Craccum’s resident oracle Gloria Hole recently bumped into Dave Dobbyn in line at her local Pak’nSave, and hasn’t stopped raving about it since. So much so, that she’s dug up some of her favourite nostalgic tunes in order to relay your fortune.
Cabin fever got you down Aries? Well, it’s time to pour yourself a glass of wine, put on your headphones, and treat yourself to a silent disco. Your neighbours will surely be jealous when they see you Dancing in the Moonlight – especially with that moon so big and bright.
This week, impending deadlines will leave you feeling Under Pressure. Dun dun dun da ba dum dom. Looking out your window, you’ll see people on streets – perhaps it’s time to go out for a run, or grab some fresh air, to rejuvenate the mind.
Gemini, open up your eager eyes – you’re Mr Brightside this week. In the midst of being trapped in your lockdown ‘cage’, you’ll notice sparks begin to fly in your life – catch them quick before their source burns out.
This week, you will not believe your eyes, as ten million Fireflies light up the walls as you fall asleep. It’s time to let your imagination run wild, because your body isn’t going anywhere. We could all do with a thousand hugs, so dream of ten thousand lightning bugs.
Why on Earth would you go for second best Leo? Put your love to the test – you know, you know, you’ve got to. 😉 Perhaps in showing love to so many others this lockdown, you’ve forgotten to receive some of your own. Well, you’re number one baby, so it’s time to Express Yourself.
Aw man! We’re still under lockdown?? This shit really is bananas…
What, you wanted me to spell it out for you? Who do you think I am, some kind of Hollaback Girl?
Your birthday is coming up soon, but the stars assure you not to worry, as soon enough you’ll be dancing in September. In fact, this lockdown will be so far gone from your mind soon enough, that you’ll be left answerless when someone asks ‘Do you remember?’.

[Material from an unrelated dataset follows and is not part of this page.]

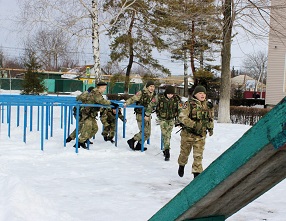 Военно-спортивные соревнования юнармейцев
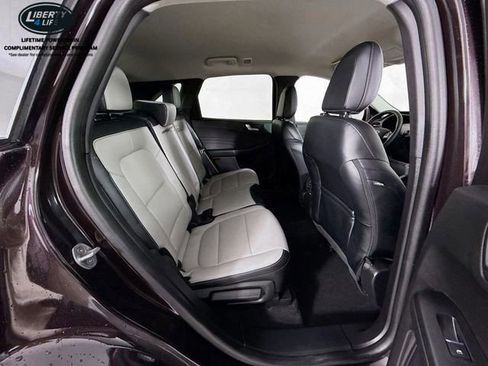 Used 2023 Ford Escape SE image 27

During this lockdown, being stuck at home may lead you to feeling like you’re living in a lonely world. However, it’s a lonely time for everyone right now, and sure enough, if you hold your breath, after 12 days you will emerge into a world where the grass is greener and the sky more blue. The stars tell you to Don’t Stop Believin’ and hold on to that feeling.
This week, you’re a Slice of Heaven Sagittarius. 🙂 Your company during this lockdown has made someone very happy, but don’t be disheartened if they’re too nervous to admit it. Perhaps this horoscope is just their way of saying you’re the warm moonlight over their horizon.
We can all agree 2020 has been a garbage year, but it’s not one we should be so quick to forget outright. Don’t forget all the self-improvements you’ve made, the friends you’ve gained, and the things you’ve discovered about yourself along the way. Don’t Look Back in Anger, else all the good memories will slowly fade away.
Unless you’re reading this from a managed quarantine facility, your song this week is I Want to Break Free. Which I know is a terrible choice given we’re still in lockdown. But God knows. God knows we’d like to break free.
There will be a point where everything gets too much for you this week, Pisces. And when that time comes, it’s a sign to just drop everything and relax. You’ll swim with the dolphins. You can be King, or Queen. And we can live our lives as Heroes – but just for one day.